The mutative signs of the radiation can be seen and felt in ways that maintain a cohesive reality. In the Zone this radiation has effected massive changes to the environment. The region becomes a place where mutants come in many different forms and with many different abilities. As varied as nature itself, these side effects of the second explosion roam the area, turning it into a lawless, uncontrollable land that is twisted for individual need and greed. The creatures here are possessed of more than natural cunning. These hyper intelligent abnormalities are more than a match for anyone, however well armed, who enters the Zone looking for personal gain. And so few even think of making such an attempt. Scientific and military expeditions quickly cease their forages and the tendency to disappear produces too high a cost. Sealing off the area and politically defining the Zone, the Government's position appears to be one of containment. And whilst it appears to be working in terms of preventing the horrors from escaping, it overlooks the need to keep other horrors from entering.
A new breed of mercenary is seen in the game. These are the S.t.a.l.k.e.r.s, a band of people linked by activity rather than formal affiliation. The stalker will risk his or her life in the Zone on a daily basis, looking for that lucrative job - whether it is retrieving an artefact for some rich collector, scouting for intelligence or even rescuing some other, hapless and would-be s.t.a.l.k.e.r. The s.t.a.l.k.e.r, just like the Zone they roam within, knows few boundaries and is as open to change as the mutations within.
It's with these people that the game really starts six years after the second explosion. The Zone is a fully formed region, talked about in the media and home to all manner of abnormalities. S.t.a.l.k.e.r.s come and go regularly and the most experienced develop an affinity with the subtleties of the phenomenon. Knowledge is their first weapon and their first objective. Beyond this we have choice.
S.T.A.L.K.E.R: Shadow Of Chernobyl takes this choice as the bedrock of the game structure. Always aware of the presence of death - often in cruel and unusual disguises, a s.t.a.l.k.e.r will learn as much as possible about the environment.
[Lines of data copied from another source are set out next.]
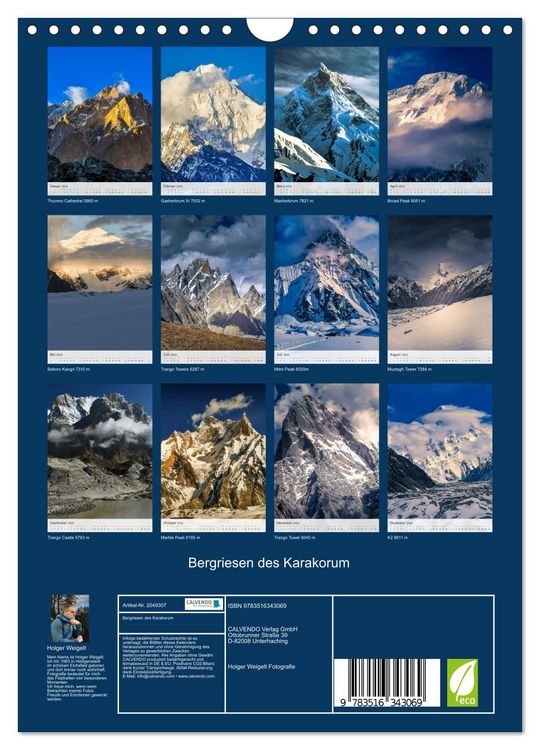 Produktbild: Bergriesen des Karakorum (Wandkalender 2026 DIN A4 hoch), CALVENDO Monatskalender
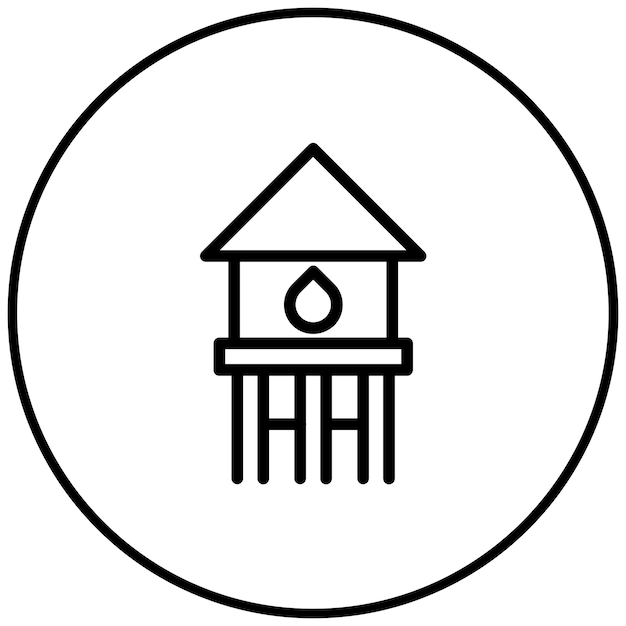 Ilustración vectorial de la torre de agua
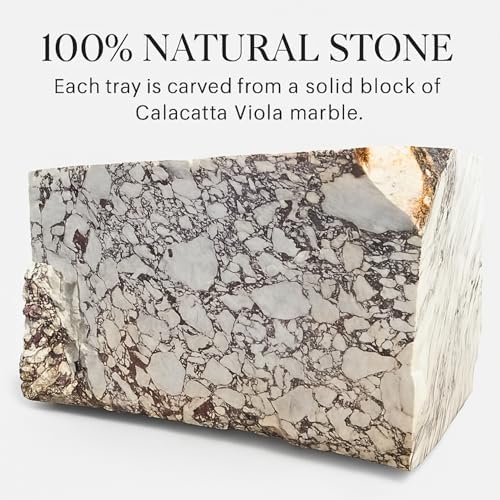 Calacatta Viola Marble Tray, Elegant Natural Stone, Large (12"x 8")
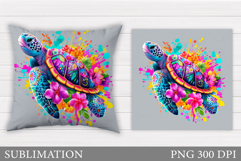 Sea Turtle Pillow Design. Sea Turtle Sublimation Product Image 1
And there is a lot to learn. The Zone is constantly evolving, mutating into new forms as creatures of every size and shape shift about the land in response to built in urges or as a reaction to new dangers. This highly complex play of cause and effect makes for a difficult playing terrain and a randomness that prohibits complacency. Even anomalies become as much a part of the landscape as the sunrise (only far less predictable in their occurrence). Hunger, fatigue and the constant effects of radiation on the body play a key part for everyone within the Zone - notably the player's stalker who must take their own health and their own needs into consideration with every step they take.
It's this vastly evolved life simulation system that sets S.T.A.L.K.E.R: Shadow Of Chernobyl apart from other experiences. It sets new standards for the MMORPG approach to gaming and ups the stakes in action adventures. Objectives and missions become subject to the whims of individual choice as players integrate themselves in the S.T.A.L.K.E.R world. Non-player characters have their own priorities, some of which may or may not clash with those of the player. Their abilities grow as they become increasingly familiar with the landscape and the altered laws that govern it. How you react becomes as much a part in developing a sense of character as surely as finding new weapons or artefacts. Again we place huge emphasis on cause and effect within scenarios; the shoot now ask questions later approach will yield a vastly different outcome than that of invisible infiltration.
Hundreds of possibilities are open to a s.t.a.l.k.e.r within the Zone and not every danger will present itself in physical form. The beauty and achievement of the game's parameters is to establish a hyper realistic world that at once seems eerily familiar and dangerously alien. Should a player work to uncover the secrets of the Zone, and of the phenomena within then they can face over eight different endings offering a vastly rewarding game-play experience.